Record set |
###

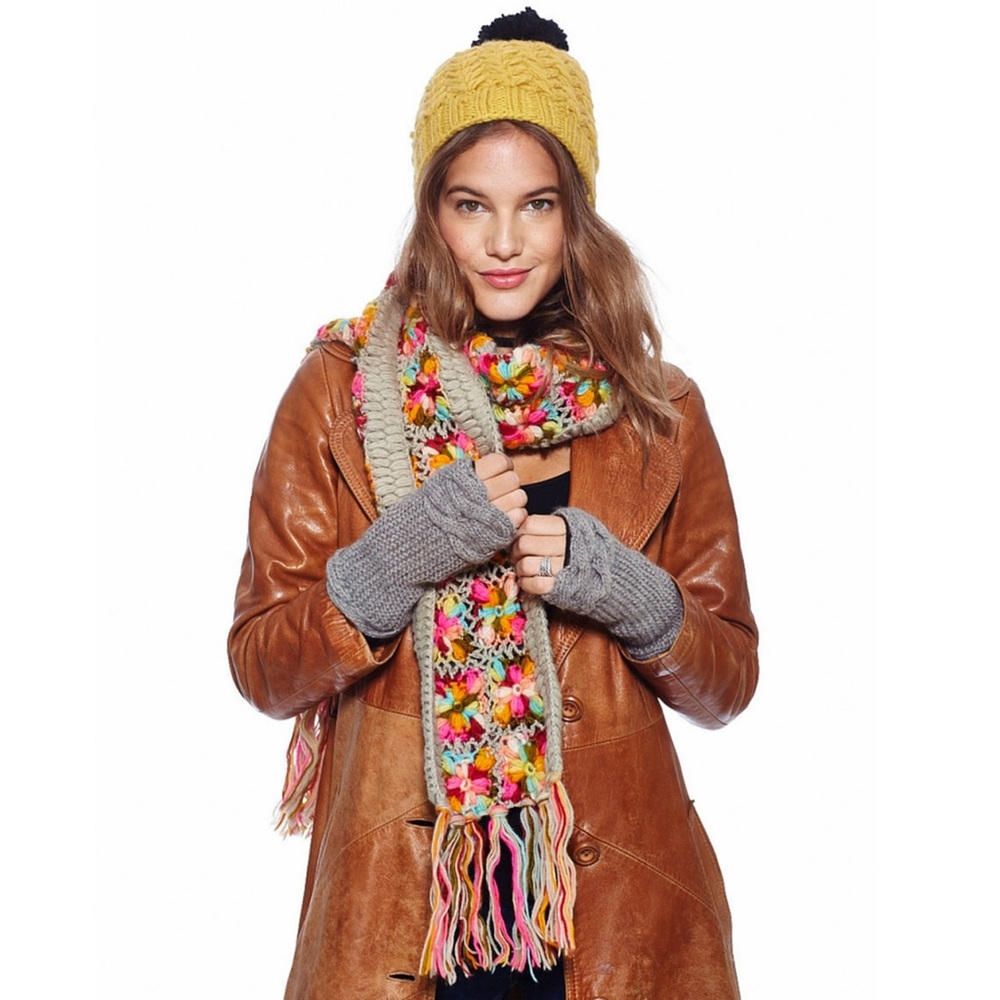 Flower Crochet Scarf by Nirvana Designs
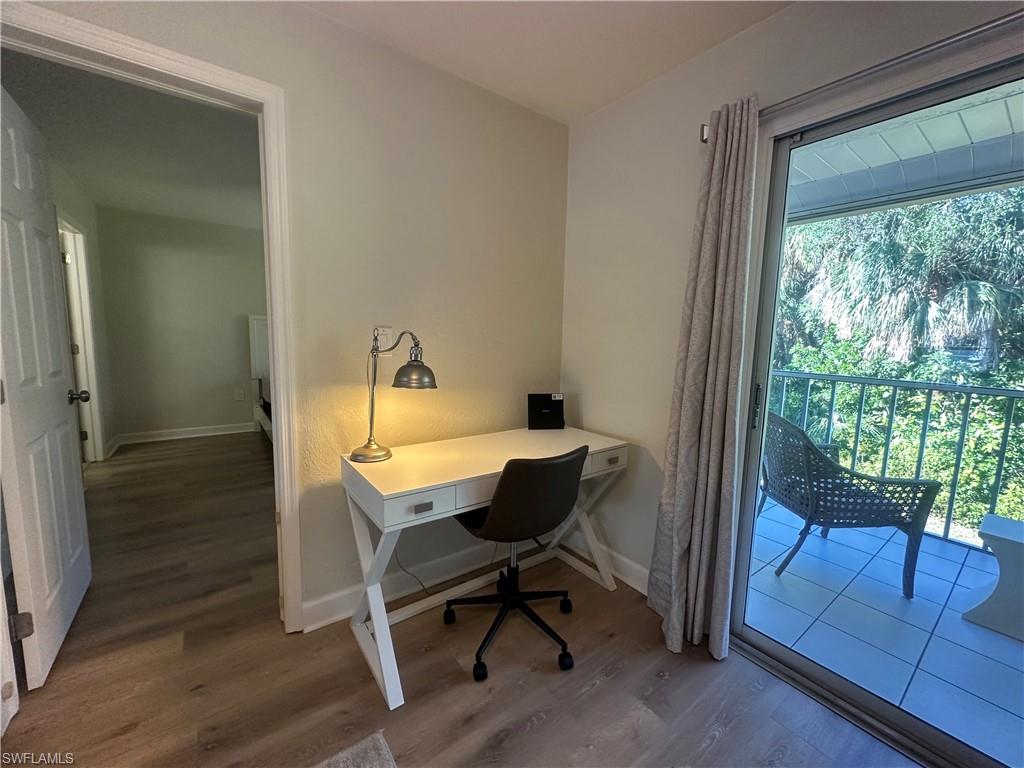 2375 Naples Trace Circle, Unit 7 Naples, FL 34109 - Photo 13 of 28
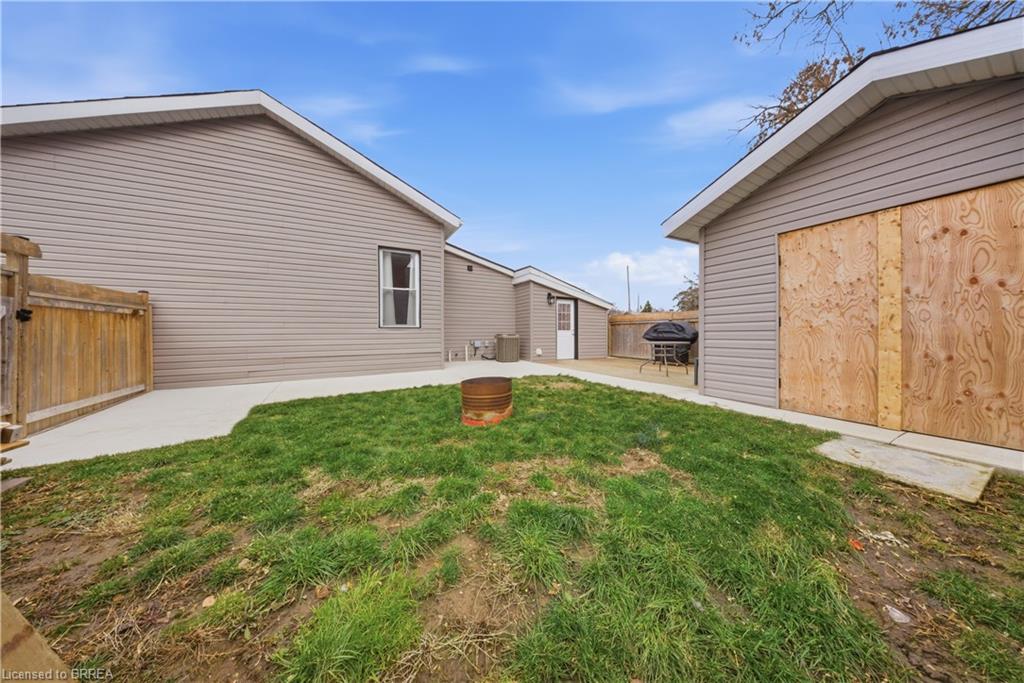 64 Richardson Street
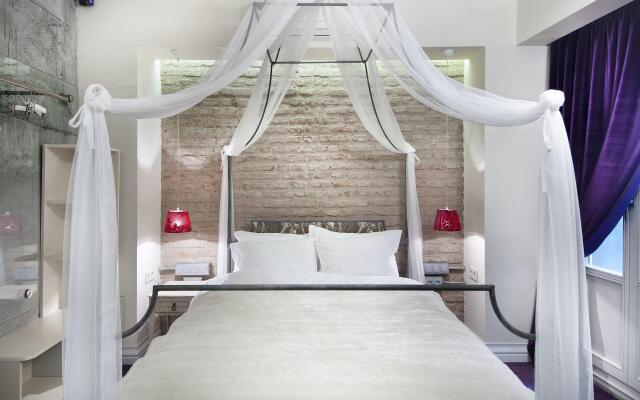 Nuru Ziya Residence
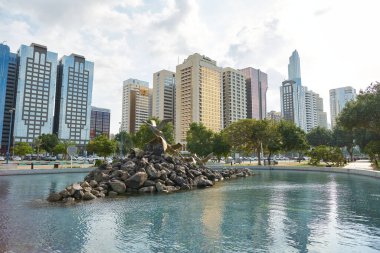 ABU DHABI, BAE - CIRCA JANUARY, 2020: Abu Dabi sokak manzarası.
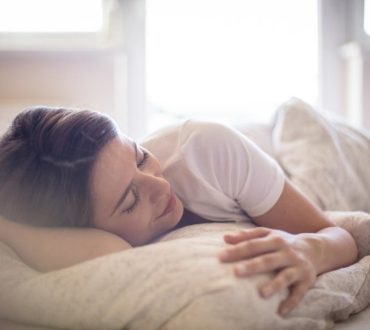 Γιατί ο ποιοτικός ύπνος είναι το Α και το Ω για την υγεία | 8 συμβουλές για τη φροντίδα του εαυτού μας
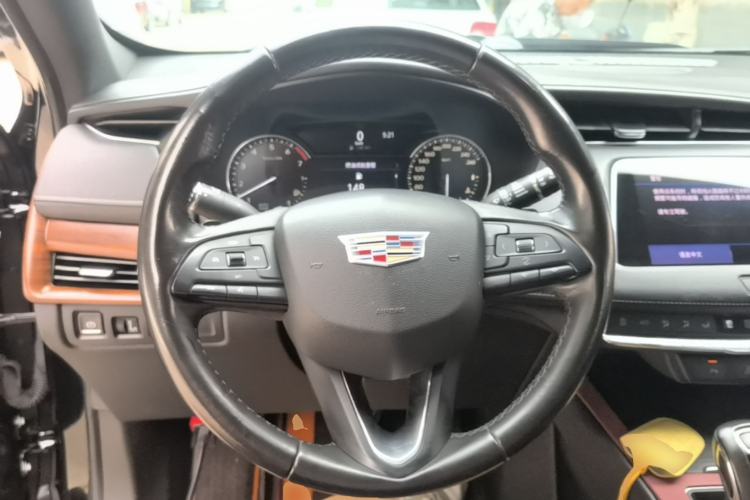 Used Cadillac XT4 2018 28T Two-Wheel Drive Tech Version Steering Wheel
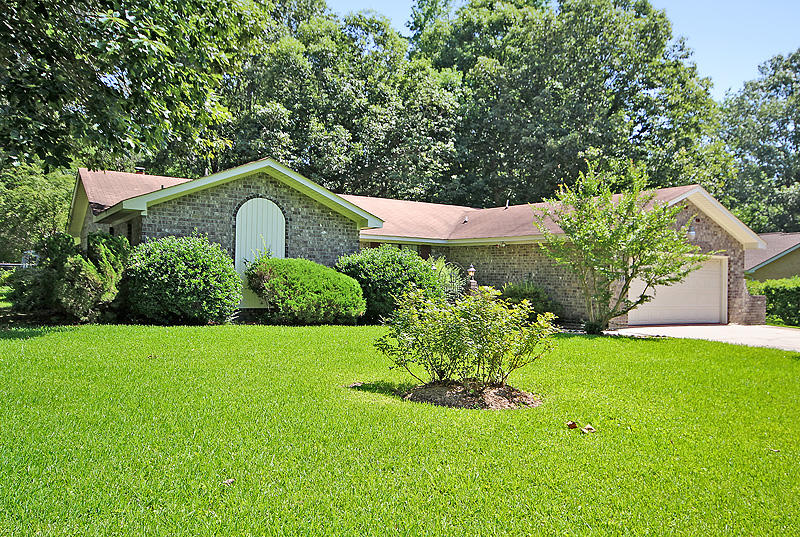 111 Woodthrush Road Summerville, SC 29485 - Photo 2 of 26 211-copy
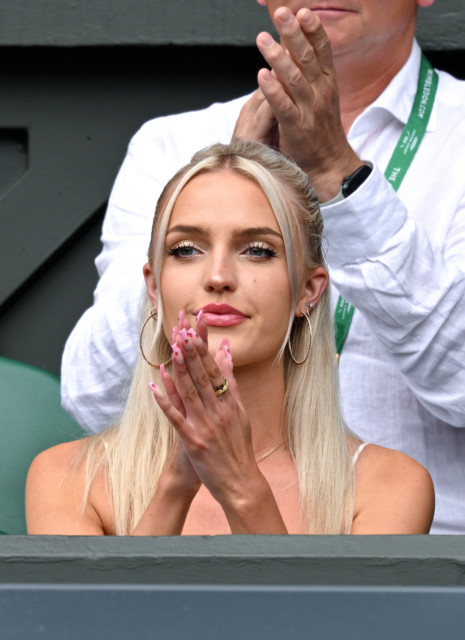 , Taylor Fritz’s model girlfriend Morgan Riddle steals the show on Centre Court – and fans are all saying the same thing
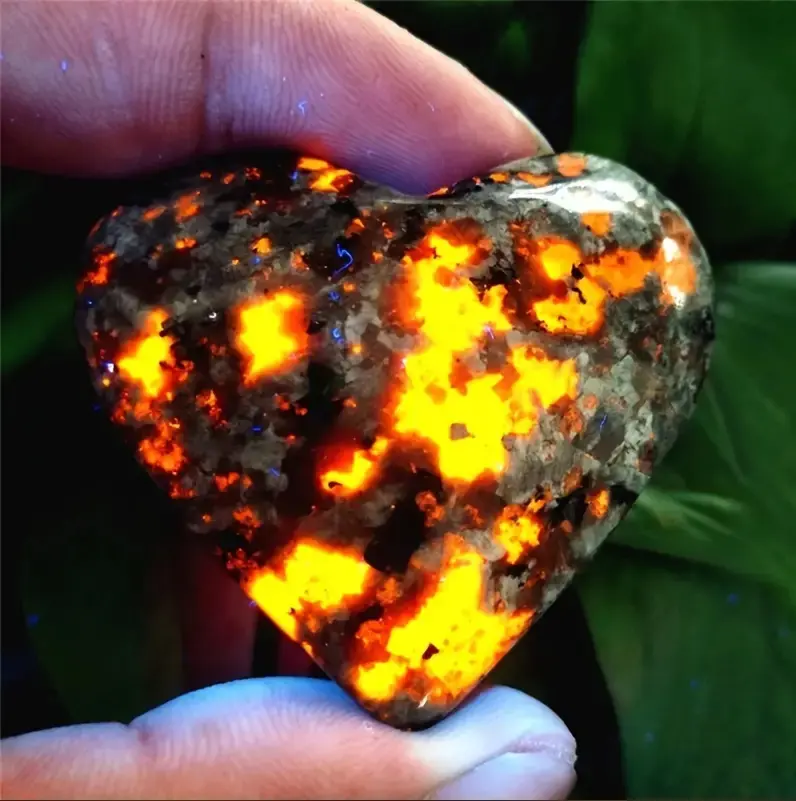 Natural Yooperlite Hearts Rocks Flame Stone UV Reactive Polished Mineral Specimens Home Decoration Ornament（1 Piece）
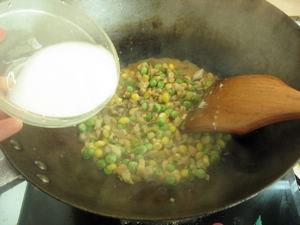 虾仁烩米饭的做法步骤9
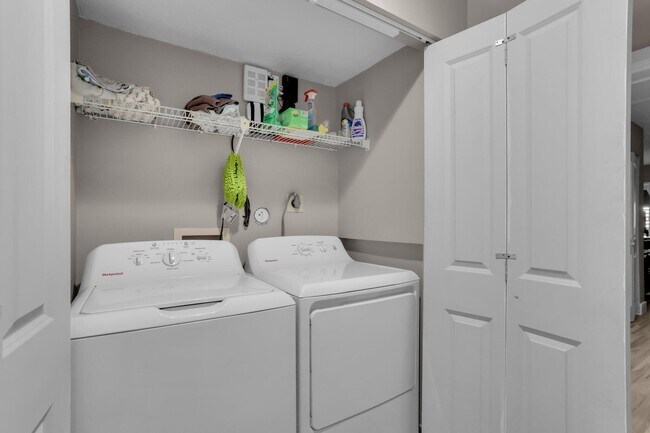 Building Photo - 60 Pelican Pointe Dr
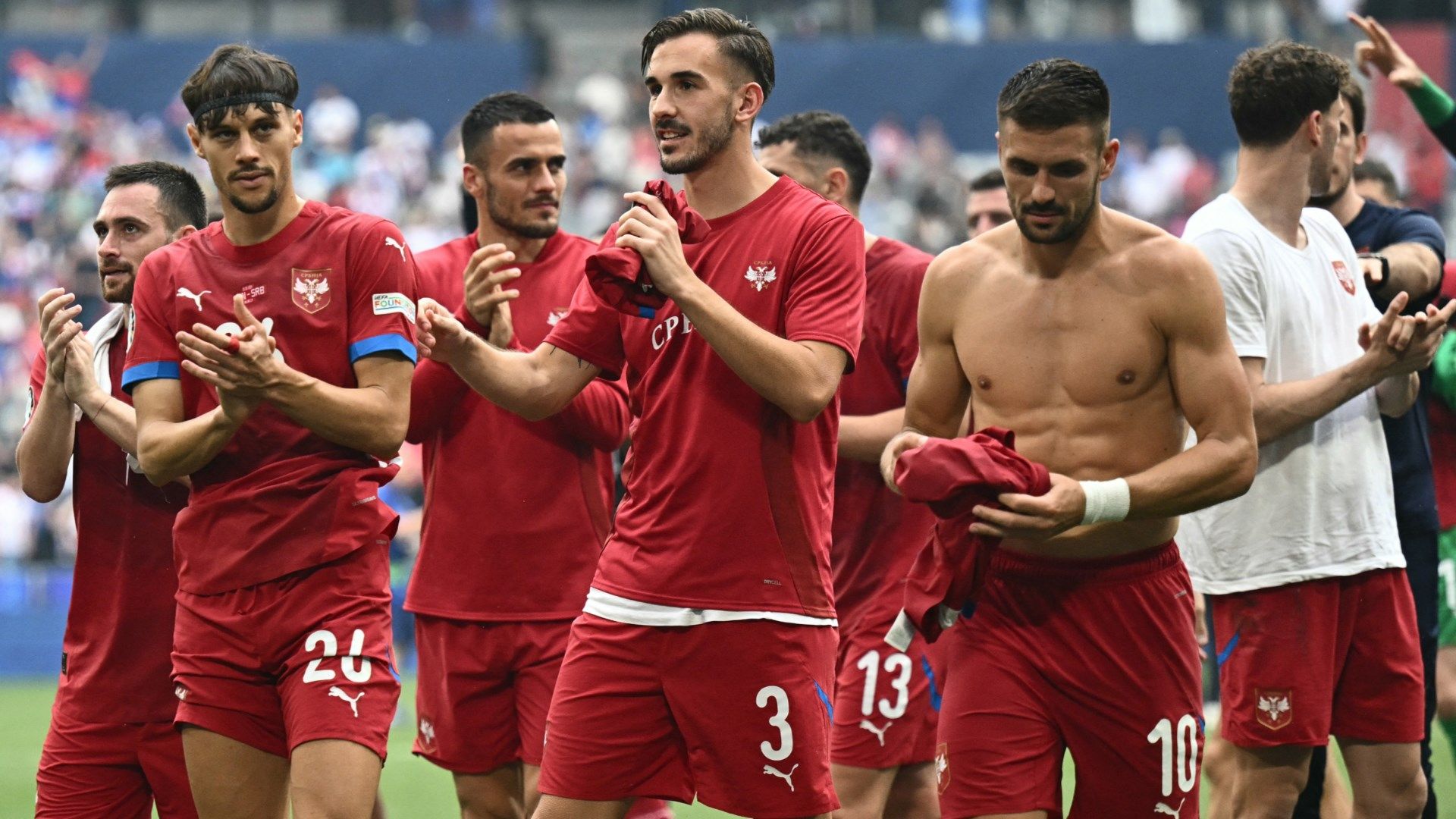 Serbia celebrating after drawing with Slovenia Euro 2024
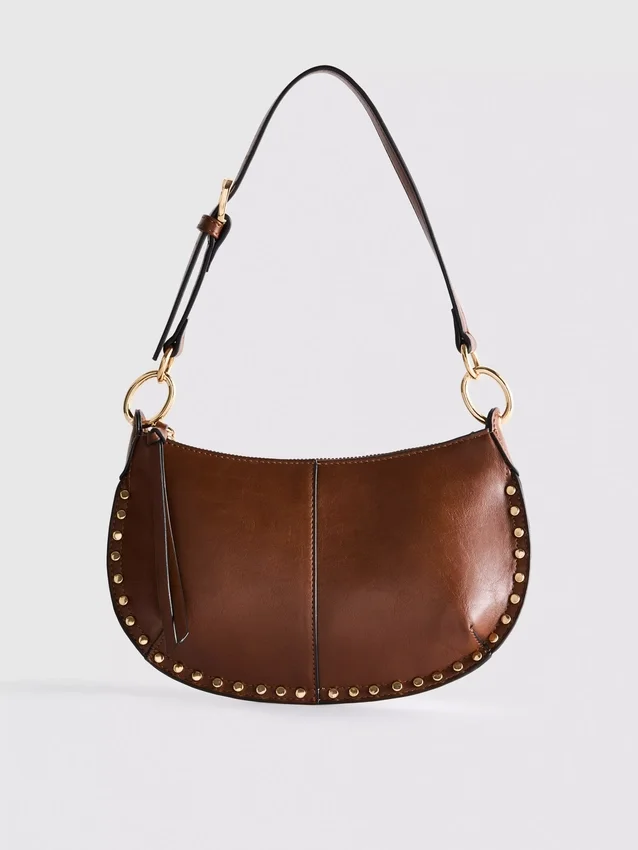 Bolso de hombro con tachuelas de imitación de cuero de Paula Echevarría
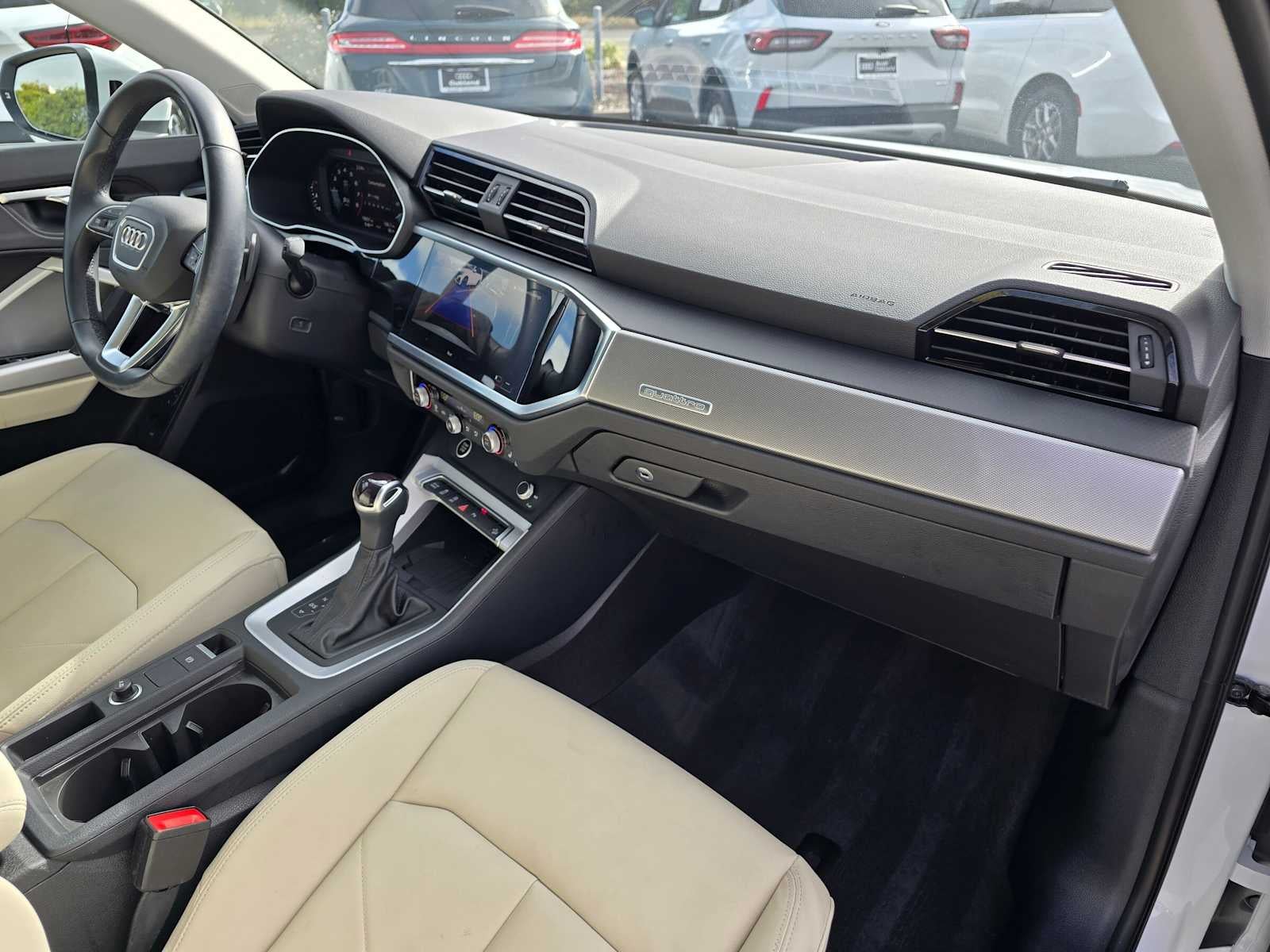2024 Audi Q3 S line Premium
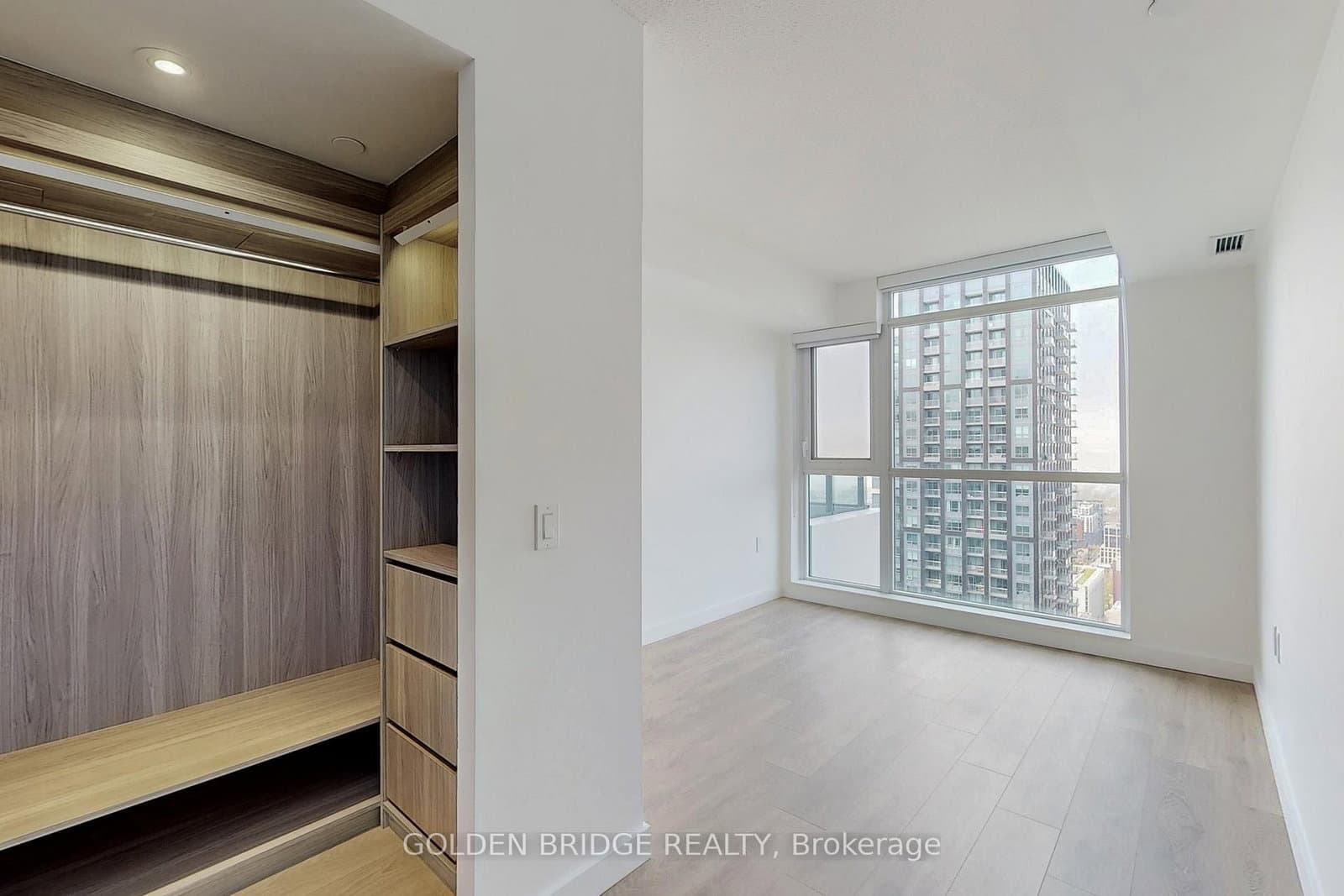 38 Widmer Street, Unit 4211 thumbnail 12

###

Your objective | Return all of the entries word for word, but omit the pictures.

Final answer |
 Flower Crochet Scarf by Nirvana Designs
 2375 Naples Trace Circle, Unit 7 Naples, FL 34109 - Photo 13 of 28
 64 Richardson Street
 Nuru Ziya Residence
 ABU DHABI, BAE - CIRCA JANUARY, 2020: Abu Dabi sokak manzarası.
 Γιατί ο ποιοτικός ύπνος είναι το Α και το Ω για την υγεία | 8 συμβουλές για τη φροντίδα του εαυτού μας
 Used Cadillac XT4 2018 28T Two-Wheel Drive Tech Version Steering Wheel
 111 Woodthrush Road Summerville, SC 29485 - Photo 2 of 26 211-copy
 , Taylor Fritz’s model girlfriend Morgan Riddle steals the show on Centre Court – and fans are all saying the same thing
 Natural Yooperlite Hearts Rocks Flame Stone UV Reactive Polished Mineral Specimens Home Decoration Ornament（1 Piece）
 虾仁烩米饭的做法步骤9
 Building Photo - 60 Pelican Pointe Dr
 Serbia celebrating after drawing with Slovenia Euro 2024
 Bolso de hombro con tachuelas de imitación de cuero de Paula Echevarría
2024 Audi Q3 S line Premium
 38 Widmer Street, Unit 4211 thumbnail 12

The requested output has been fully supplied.